At the Center for American Progress Think Progress blog, national security and foreign policy expert Matt Duss argues:
In addition to peddling the historically revisionist claim that “the United States is a Christian nation” — Sekulow believes “America has a special relationship with God” — he’s also part of the “creeping sharia” crowd, writing of Oklahoma’s ban on sharia law, “The threat of Sharia law is real and the people of Oklahoma are ahead of the curve.”
And at Media Matters, Jamison Foser points out that Sekulow has previously used the platform at On Faith “to approvingly quote biblical references to homosexuality as an ‘abomination’ and ‘unnatural’ and ‘indecent’ and ‘perversion.'”
I’ve reported on the ACLJ’s and Sekulow’s advocacy in Africa, intended to bring the “Christian nation” mythology there and impose or continue legal bans on homosexuality and abortion. In Zimbabwe, Sekulow played a key role in launching the African Centre for Law and Justice:
Together with the Evangelical Fellowship of Zimbabwe, the African Centre for Law and Justice is working to garner the support of religious leaders and activists for constitutional provisions that would “affirm that Zimbabwe is a predominantly Christian nation founded on biblical principles,” and require application of “the Laws of God in order to prosper and avoid chaos and destruction,” according to a pamphlet prepared by the EFZ and supported by the ALCJ.
Backed by the ACLJ, [African Centre for Law and Justice Vicky] Mpofu has been traveling Zimbabwe to rally religious support for the EFZ’s constitutional proposals. “We’ve had a lot of support from ACLJ in America because for me to be able to go around the country to visit the ten provinces we’ve received some help financially and also we’ve received some help from the teams from America visiting and working with us,” Mpofu said. “The support has been tremendous.”

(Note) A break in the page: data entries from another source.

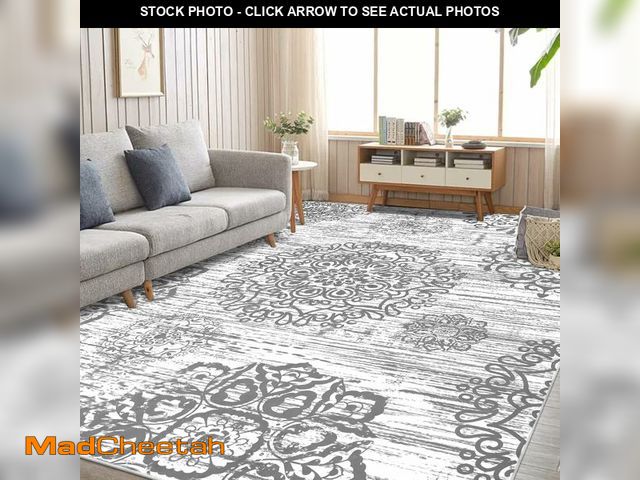 Lot 74-13040277 - HEBE Washable Area Rug 8'x10' Non Slip Soft Distressed Medallion Bedroom &amp; Living Room Rugs Vint...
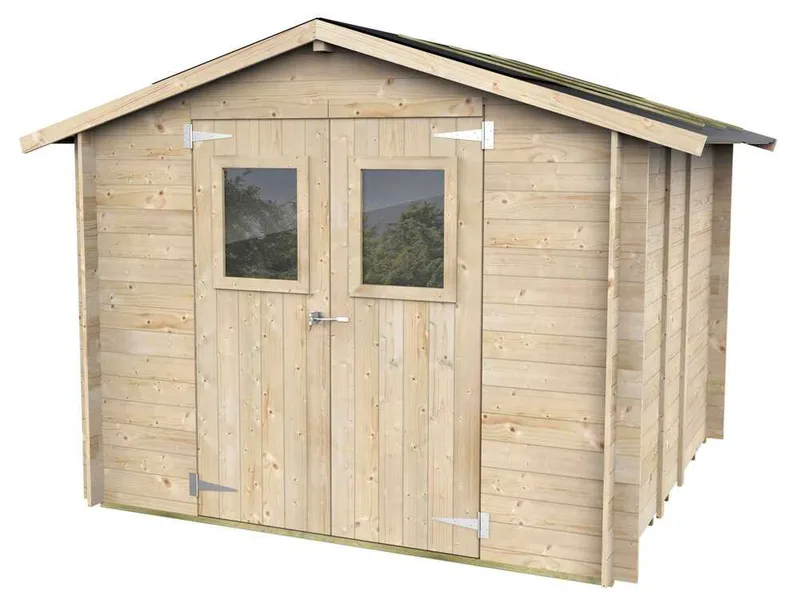 Alce Hobby 248x248 - Abri de jardin en bois - Avec fenêtres et porte à double battant - 248x248x217 cm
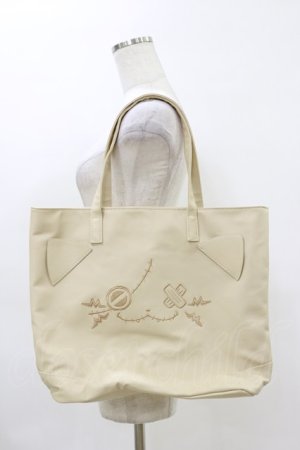 画像: NieR Clothing / 猫耳付き大容量PU LEATHER TOTE BAG  ミケ(ベージュ) H-26-04-04-001-PU-BG-AK-ZH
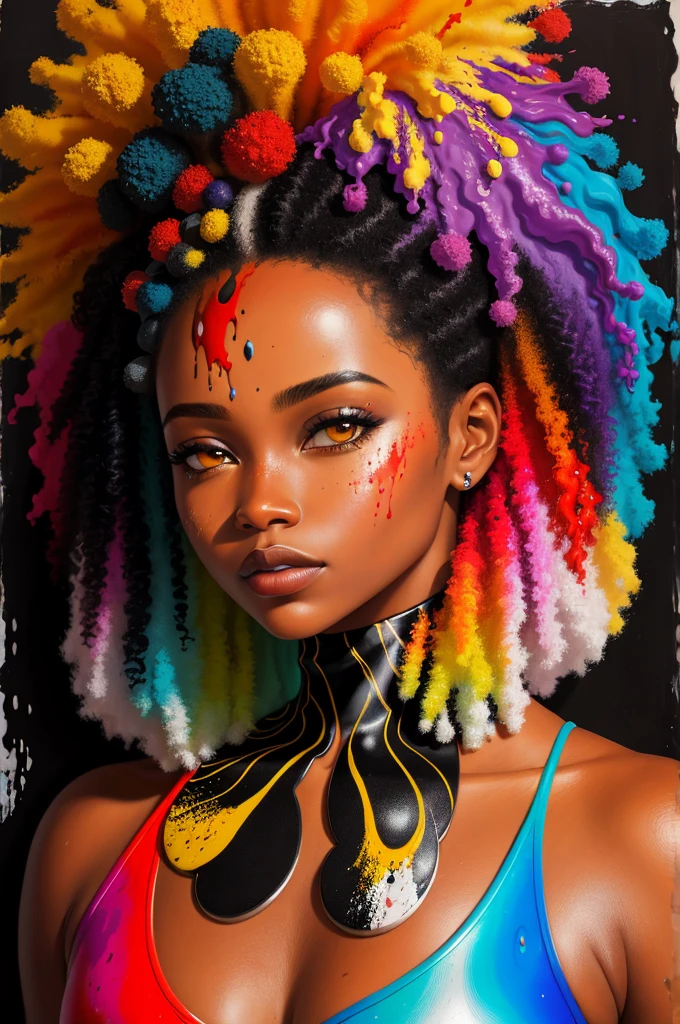 um retrato de pintura abstrata de uma mulher afro-americana com splatter de tinta colorido, no estilo do realismo com elementos de fantasia, gradientes de cores, salpicos de cor, figuras coloridas estilo minimalista, oil painting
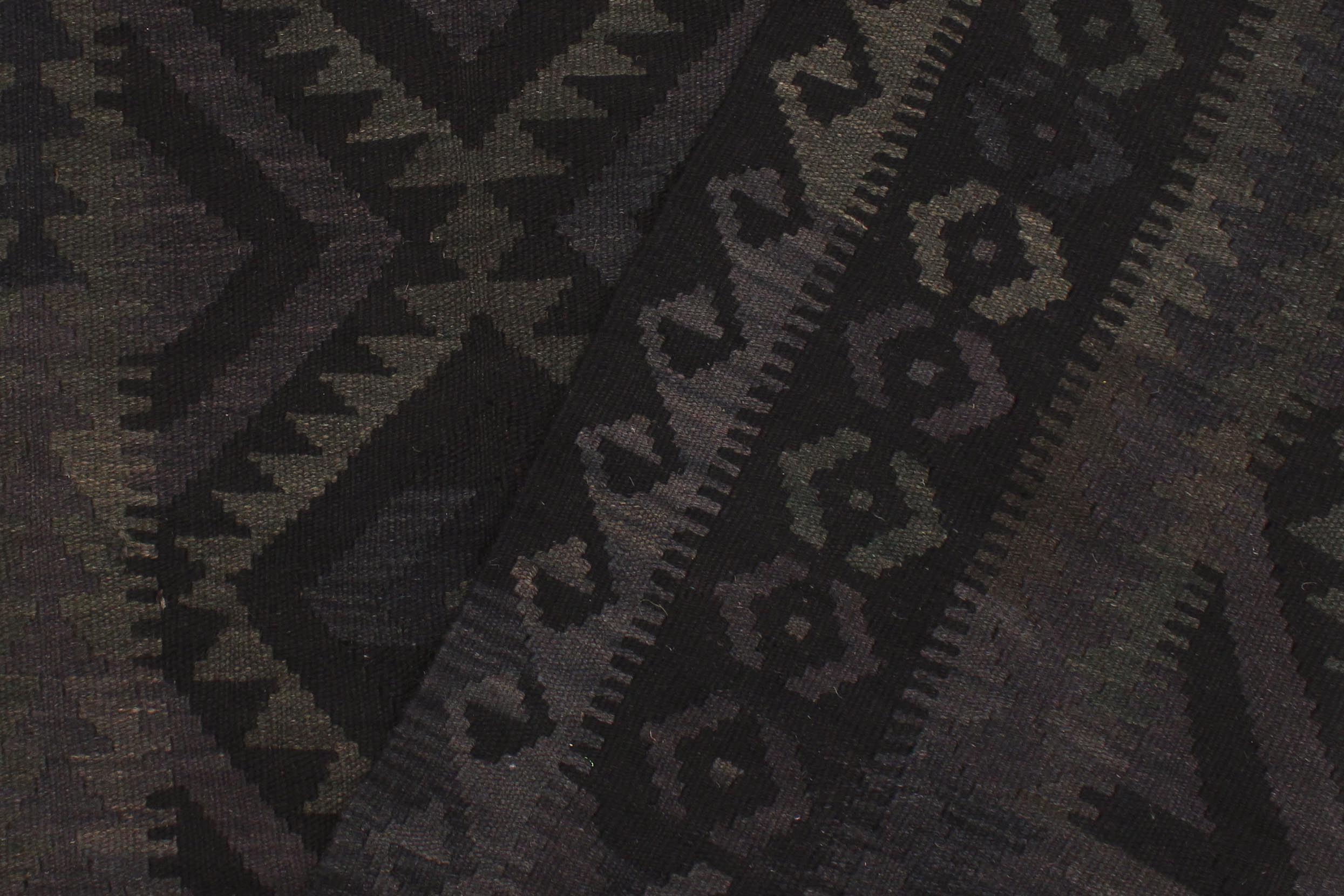 handmade Modern Kilim Black Blue Hand-Woven RECTANGLE 100% WOOL area rug 5x6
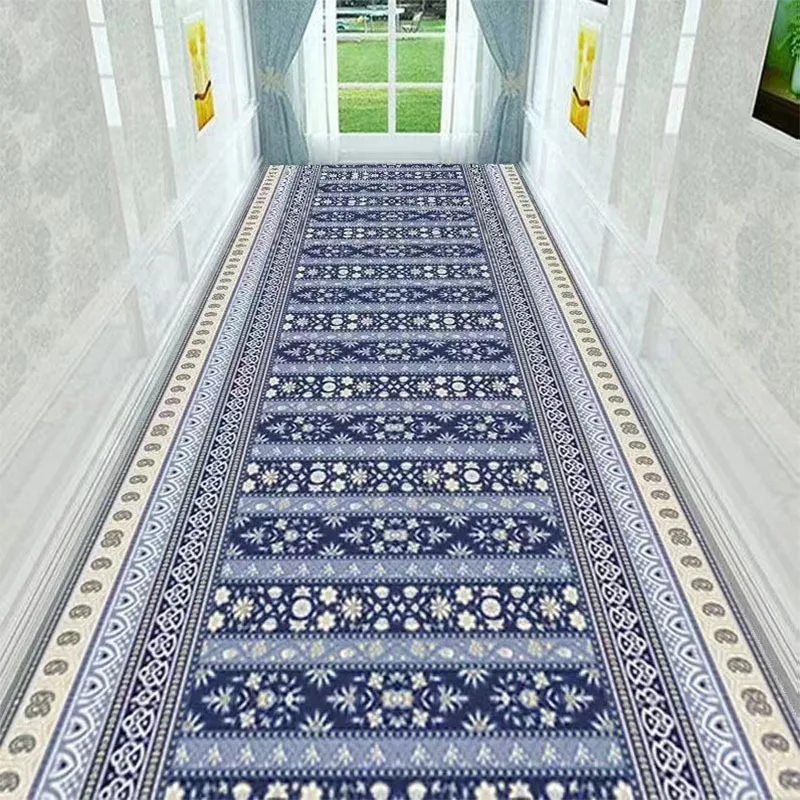 

Retro European Long Corridor Carpet Runner Home Hotel Hallway Decor Strip Rug Washable Villa Stairway Porch Entry Floor Mats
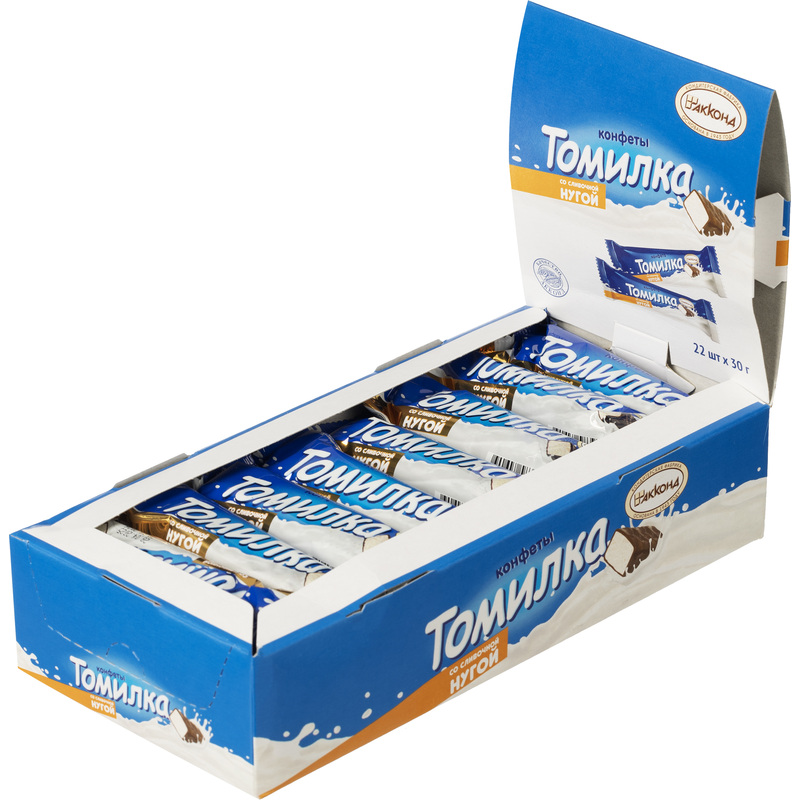 Изображение товара Шоколадные батончики Акконд Томилка со сливочной нугой 22 шт по 30 г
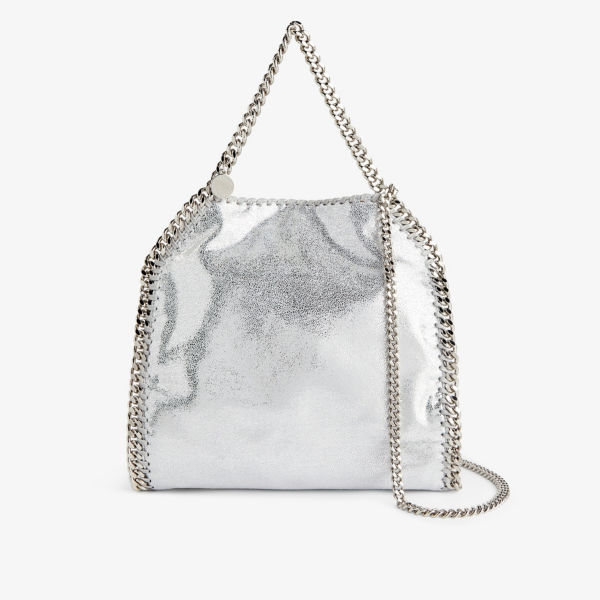 Миниатюрная сумка-тоут Falabella из веганской кожи Stella Mccartney, серебряный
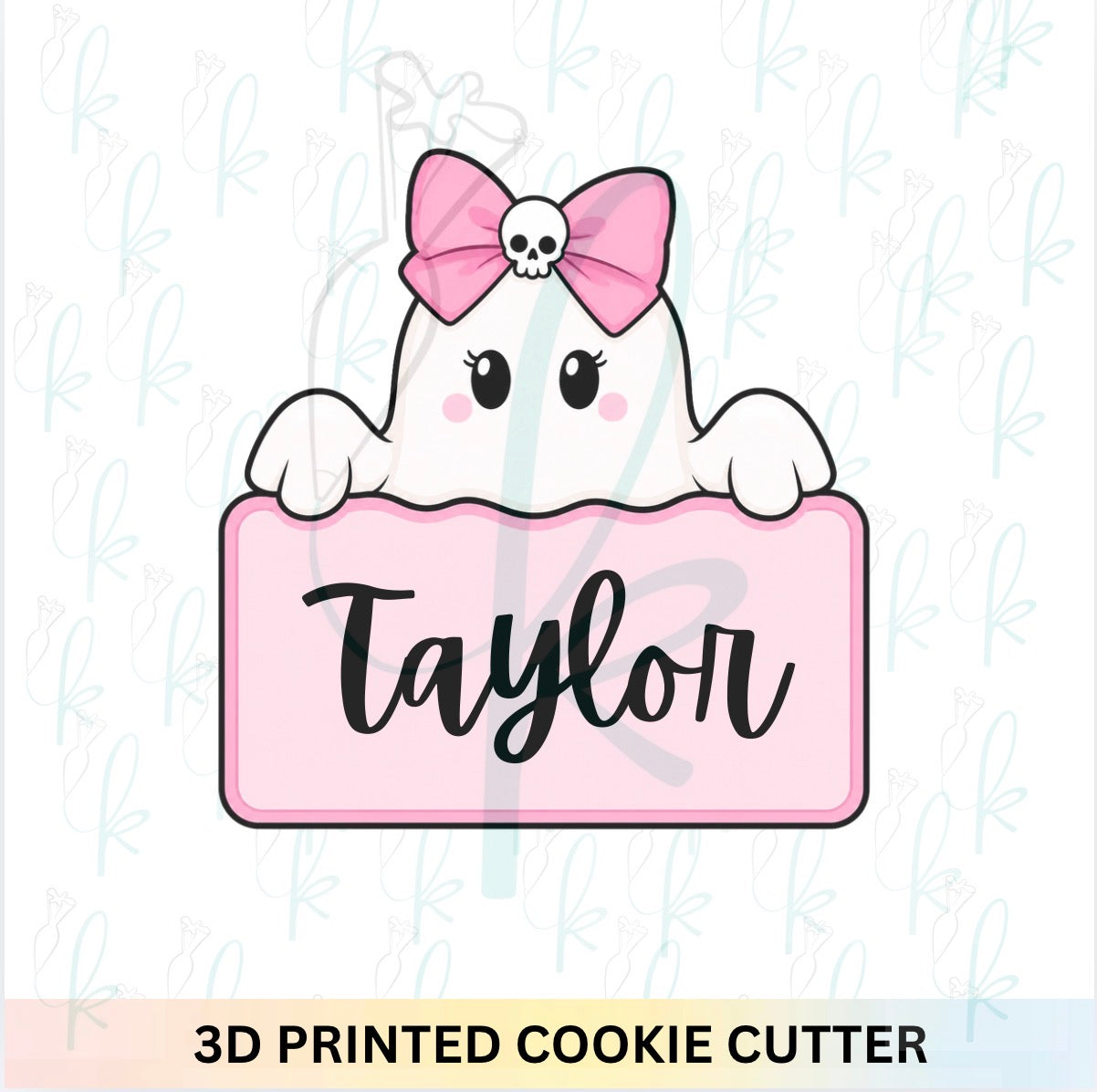Ghost with Bow Plaque Cookie Cutter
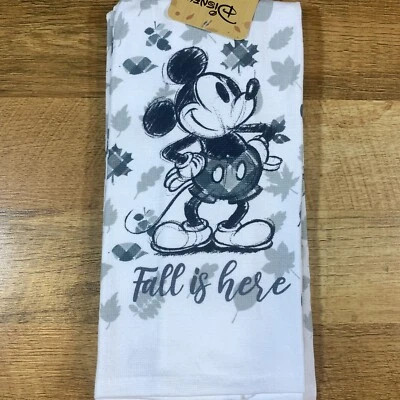 Disney Mickey Mouse Fall Autumn 2 Pack Hand Bath Towels Plaid Leaves Blue - Image 1 of 4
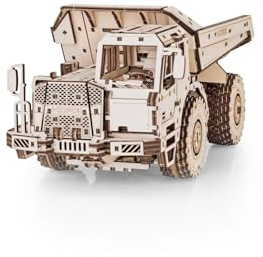 EWA Eco-Wood-Art MOAZ-75053 3D Wooden Puzzle, 538 Pieces, 14+ Years, 13.23x6.06 Inches, Construction Vehicle Theme, Wood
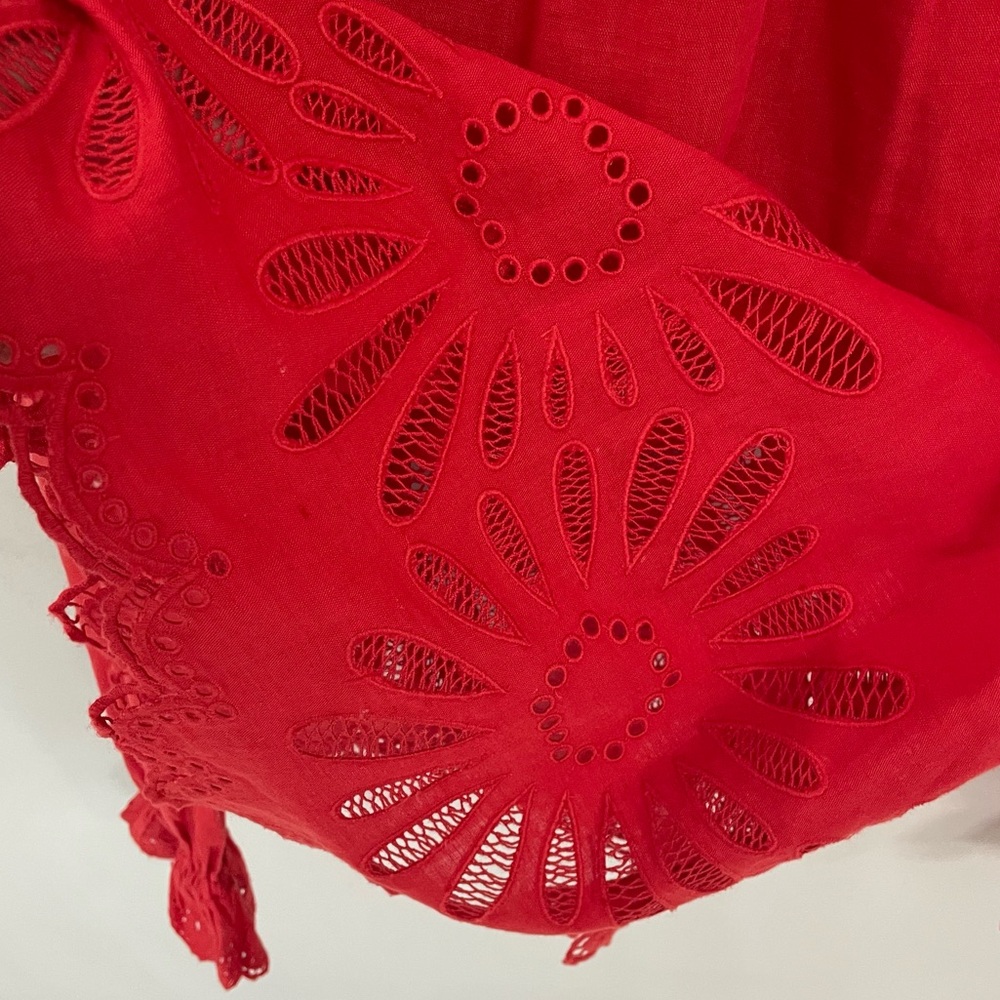 NWT Ulla Johnson Louisa Eyelet Ruffle Linen Blend Top in Poppy.     22 - Picture 9 of 14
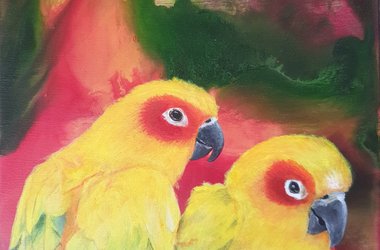 Sittichpaar Acryl Keilrahmen Anke Buchmann Bramsche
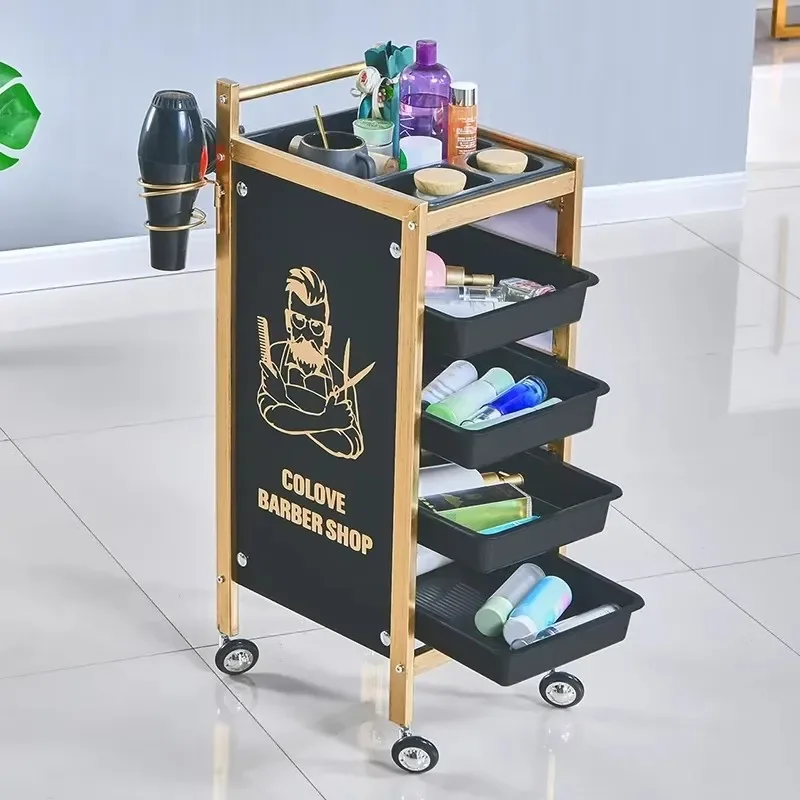 Trolley Cosmetics Hair Extension Portable Cart Iron Auxiliary Salon Professional Aesthetic Carrello Parrucchiere Car Wheels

More recently, the ACLJ has called on the Department of Justice to investigate the Congressional Muslim Staffers Association based on nothing more than a bogus Fox News report that the group hosted speakers with terrorist ties, a claim strongly disputed by Suhail Khan, a conservative Republican and a Muslim. Nonetheless, Sekulow took to the airwaves of Robertson’s Christian Broadcasting Network to engage in a guilt-by-association attack on Muslim Americans:
As the interview went on, it became clear that Sekulow’s goal is to end the Muslim prayers at the Capitol by portraying Muslim organizations as necessarily having ties to terrorists, a common smoke and mirrors routine used by the right. “We see now,” he said, “that when we scratch the surface of most Islamic organizations we find something that we don’t hope to find. we find that if you bring in speakers, they’re connected to terrorism.” He identified this as “a problem within Islam. As Christians, we can’t change what’s happening internally in Islam, but we cannot be afraid of exposing the truth of what is happening here in our US Capitol. Our hope is that the truth comes out, that people see the associations here, and that this group isn’t able to meet anymore.”
On Faith’s “About” section reads:
And so, in a time of extremism — for extremism is to the 21st century what totalitarianism was to the 20th — how can people engage in a conversation about faith and its implications in a way that sheds light rather than generates heat? At The Washington Post and Newsweek, we believe the first step is conversation-intelligent, informed, eclectic, respectful conversation-among specialists and generalists who devote a good part of their lives to understanding and delineating religion’s influence on the life of the world. The point of our new online religion feature is to provide a forum for such sane and spirited talk, drawing on a remarkable panel of distinguished figures from the academy, the faith traditions, and journalism.
It will be interesting to see if the Post continues to believe that someone who thinks, for example, that all Muslim organizations have terrorism lurking right beneath the surface or that homosexuality is a “perversion” can contribute to a “sane” conversation that “sheds light rather than generates heat.”